* [The data]

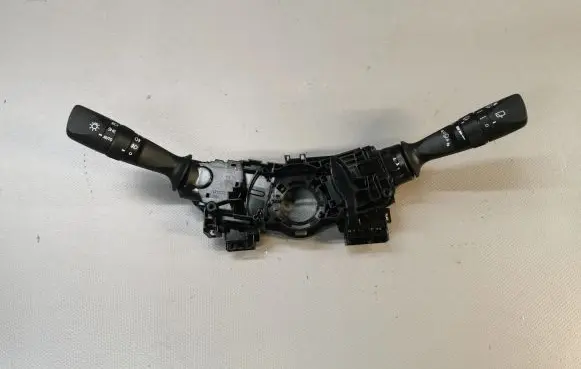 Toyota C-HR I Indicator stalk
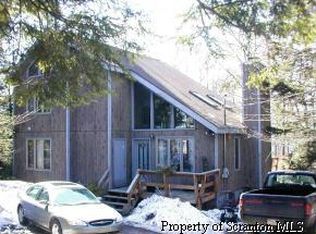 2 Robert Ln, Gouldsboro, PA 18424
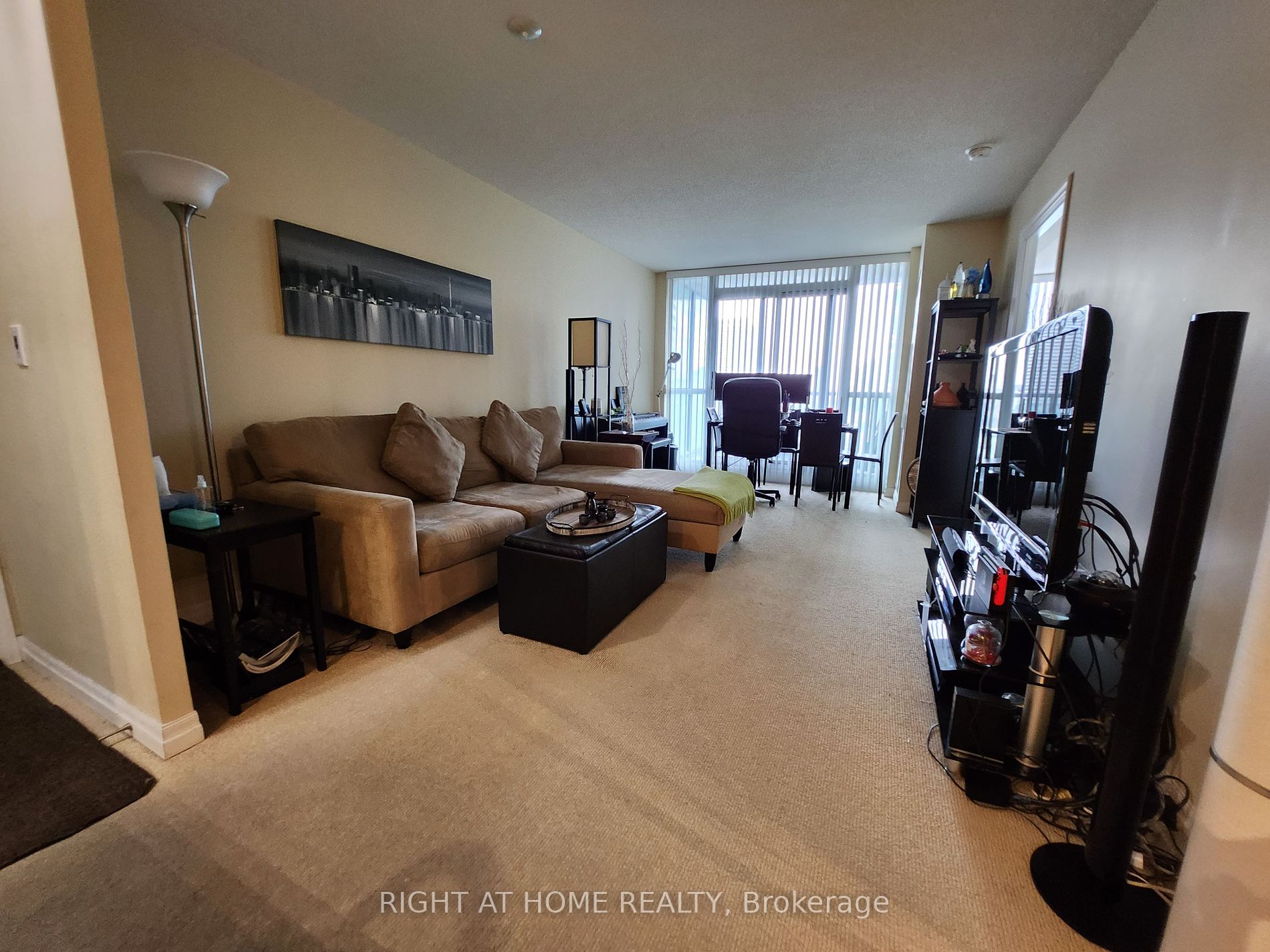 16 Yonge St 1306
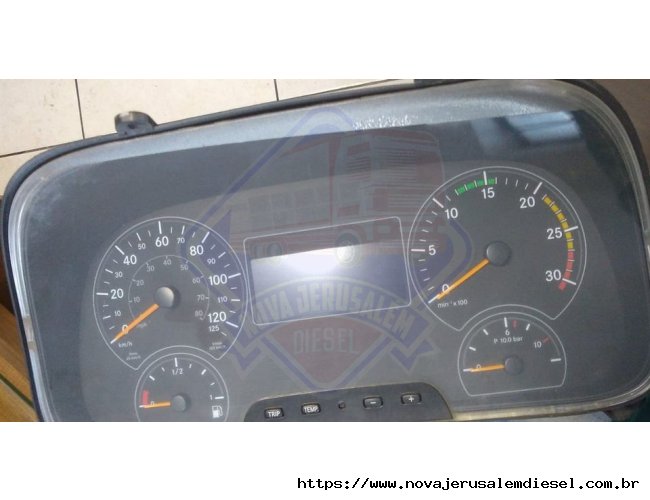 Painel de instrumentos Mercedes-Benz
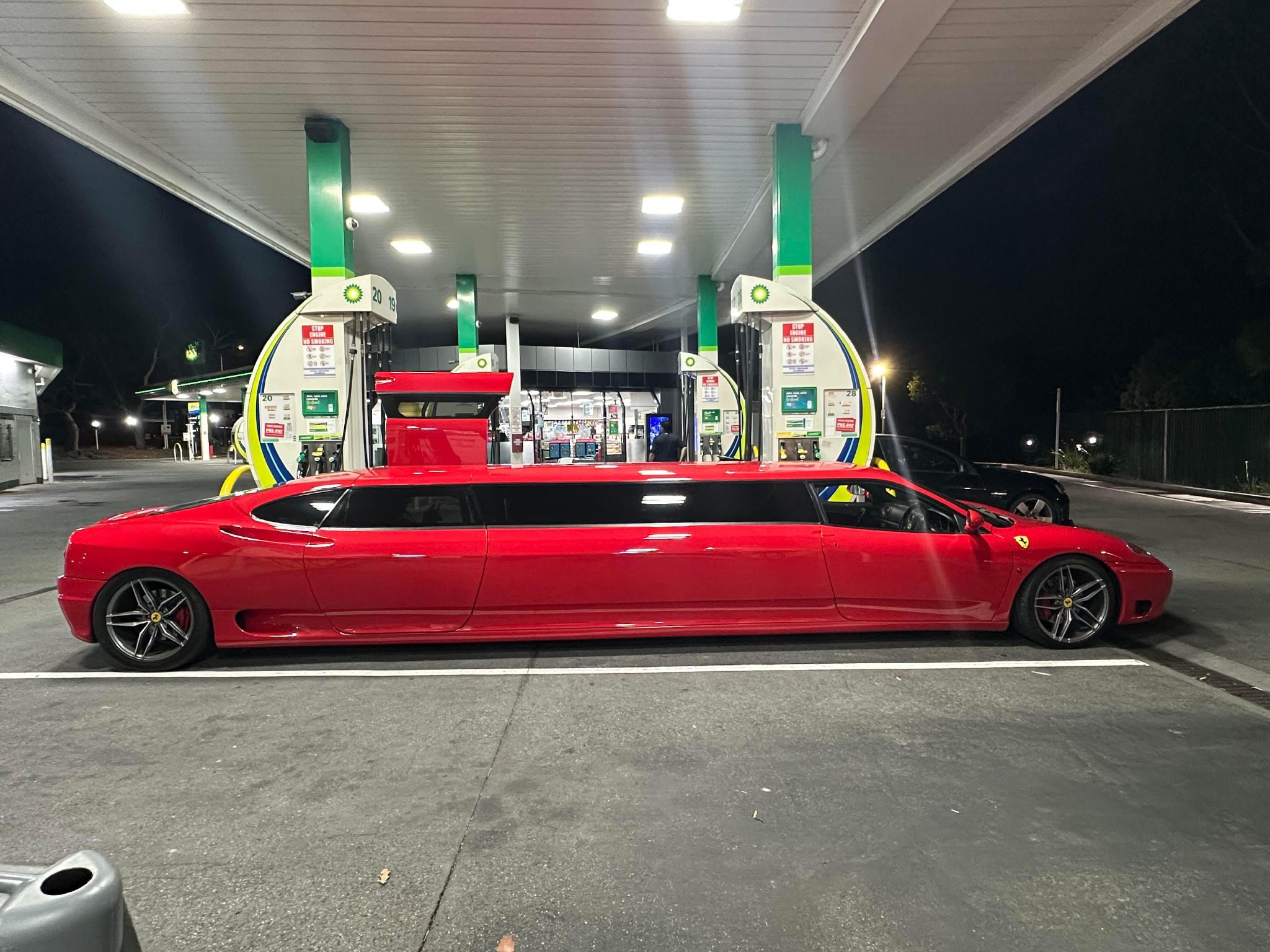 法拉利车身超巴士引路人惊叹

* [Work task]
The lines to retype begin with the one containing "Painel de instrumentos Mercedes-Benz" and end with the last line of the records. Reproduce them exactly and omit the pictures.

* [Solution for this exercise]
 Painel de instrumentos Mercedes-Benz
 法拉利车身超巴士引路人惊叹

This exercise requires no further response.